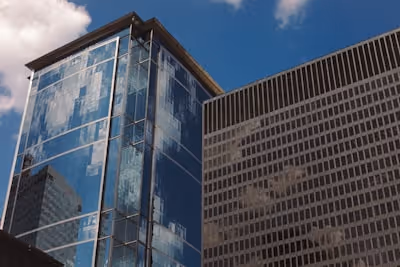 Section titled 'Integrated with the tools you use' showcasing agency management systems Momentum, EZLynx, QQCatalyst, and HawkSoft with brief descriptions and learn more links.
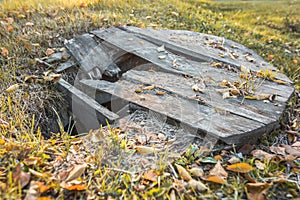 Old abandoned well with a broken wooden lid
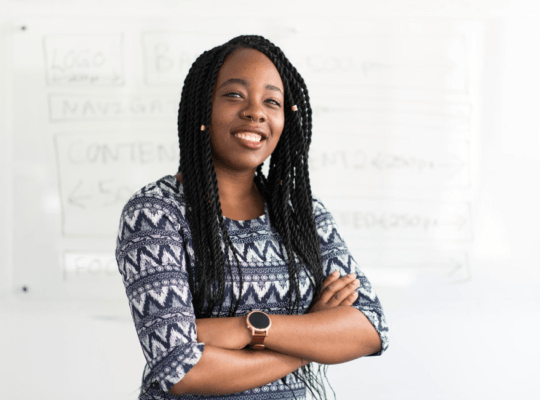 Smiling woman with braids and a professional attire standing confidently in front of a whiteboard.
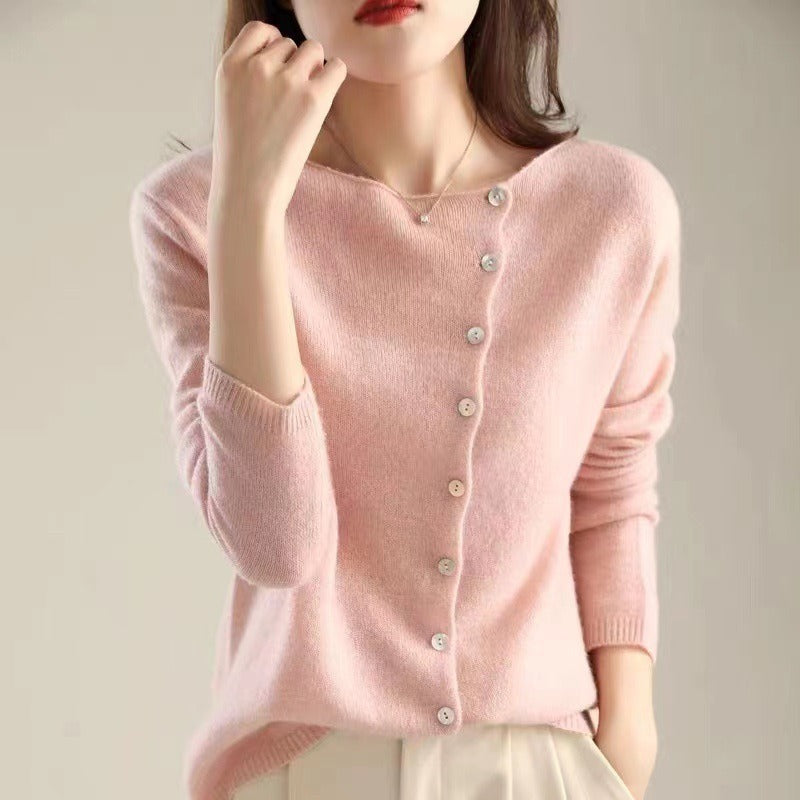 Blush pink knit sweater with V-neck, front button placket, and ribbed sleeve cuffs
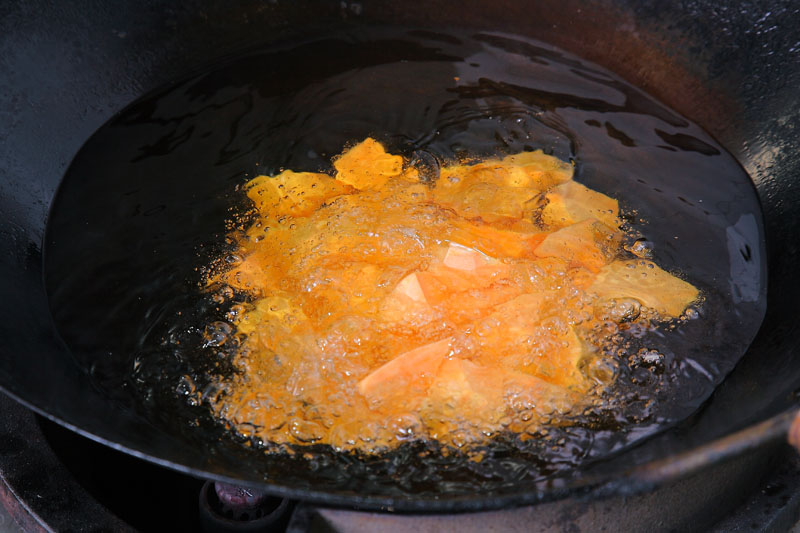 紅地瓜洗淨去皮切成小塊，放入中火160℃的油鍋油炸，油量約500c.c.，期間要不停攪拌避免地瓜焦掉，約4到5分鐘，撈起瀝乾油，靜置備用。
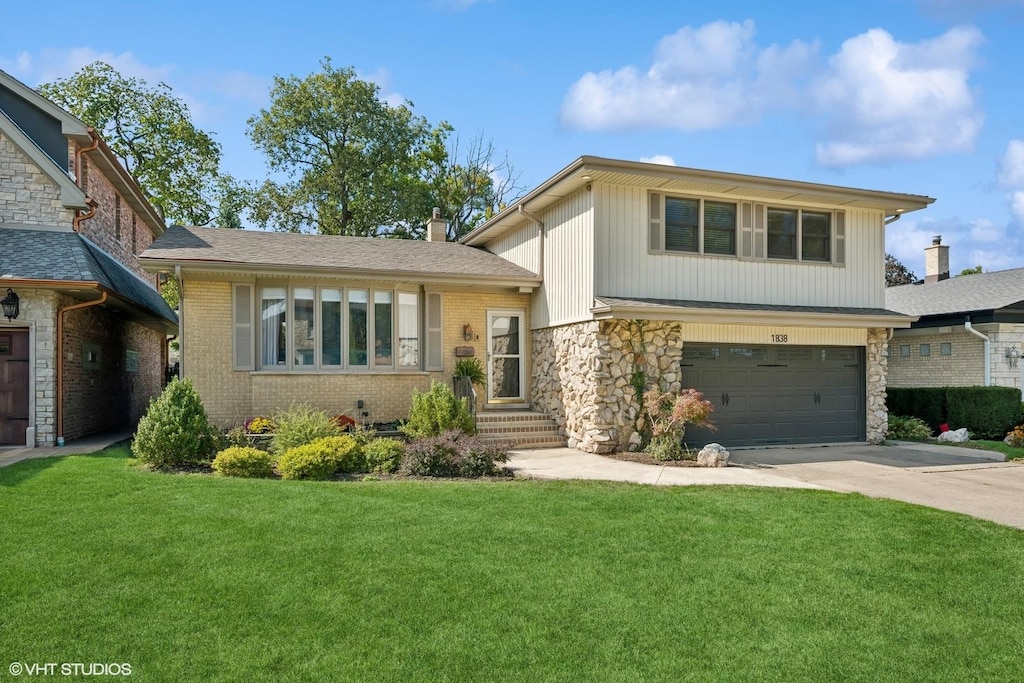 split level home featuring a front lawn and a garage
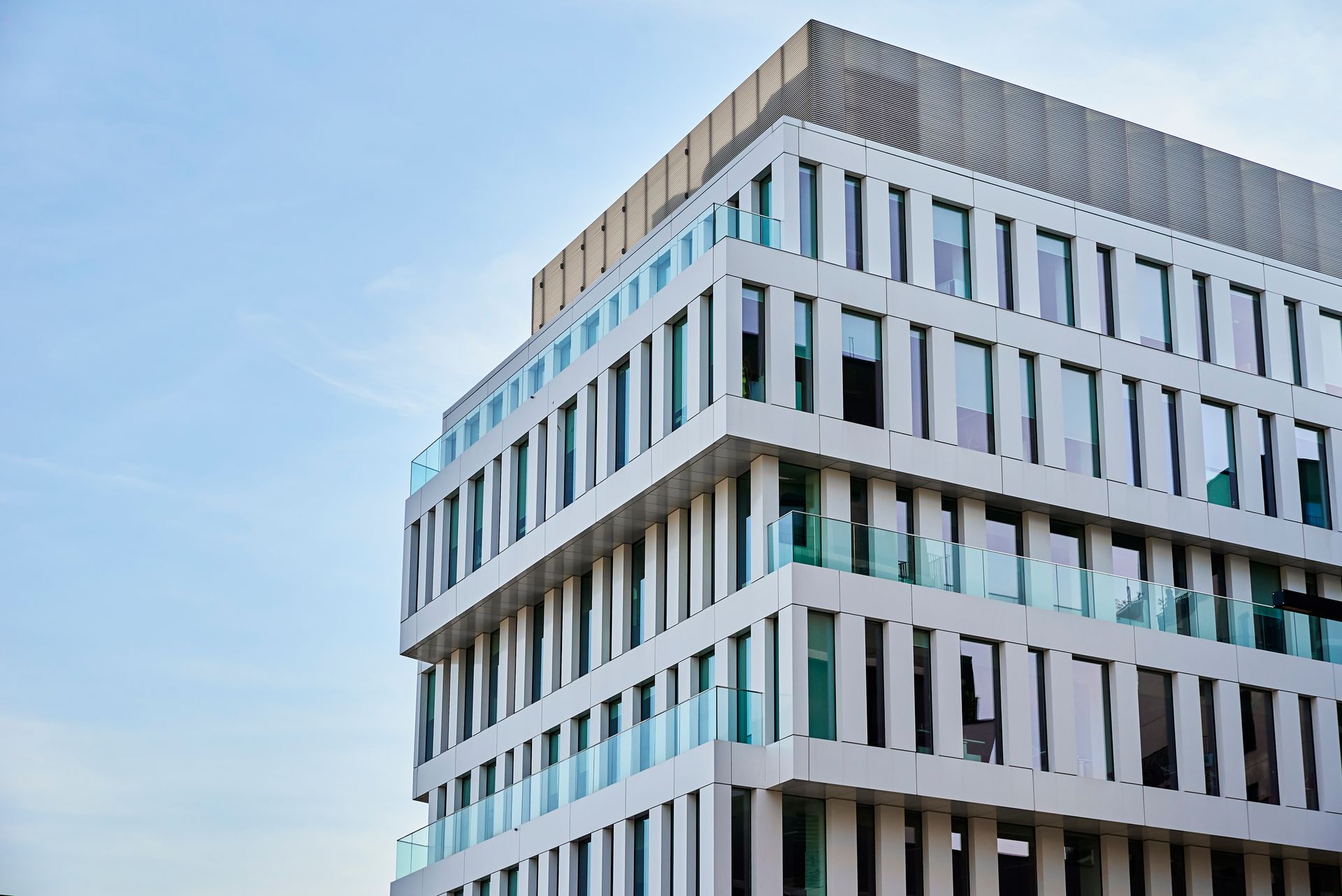 Modern white office building with vertical windows against a blue sky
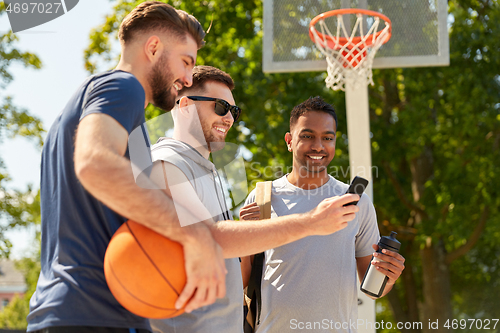 Image of men with smartphone on basketball playground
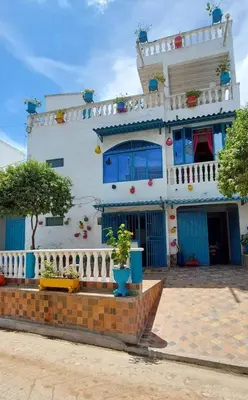 a white house with blue doors and flowers in front of it at El santorini colombiano cabaña in Puerto Triunfo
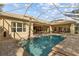 Screened-in pool with a spa, brick patio, outdoor seating, and view of the home and landscaped yard at 3543 Watermark Dr, Wesley Chapel, FL 33544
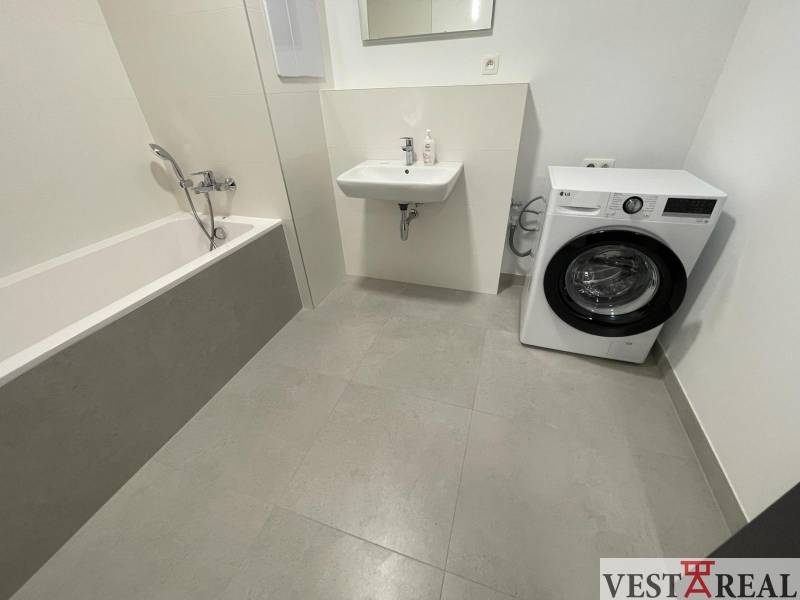Badezimmer mit Badewanne, Waschmaschine und Waschbecken in einer 2-Zimmer-Wohnung in der Novomestská Straße.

:::

## ACTION ITEM:
If a line falls between the one containing "紅地瓜洗淨去皮切成小塊，放入" and the last line of the records above, inclusive, restate it exactly; leave out the pictures and everything else.

## EXERCISE ANSWER:
 紅地瓜洗淨去皮切成小塊，放入中火160℃的油鍋油炸，油量約500c.c.，期間要不停攪拌避免地瓜焦掉，約4到5分鐘，撈起瀝乾油，靜置備用。
 split level home featuring a front lawn and a garage
 Modern white office building with vertical windows against a blue sky
 Image of men with smartphone on basketball playground
 a white house with blue doors and flowers in front of it at El santorini colombiano cabaña in Puerto Triunfo
 Screened-in pool with a spa, brick patio, outdoor seating, and view of the home and landscaped yard at 3543 Watermark Dr, Wesley Chapel, FL 33544
Badezimmer mit Badewanne, Waschmaschine und Waschbecken in einer 2-Zimmer-Wohnung in der Novomestská Straße.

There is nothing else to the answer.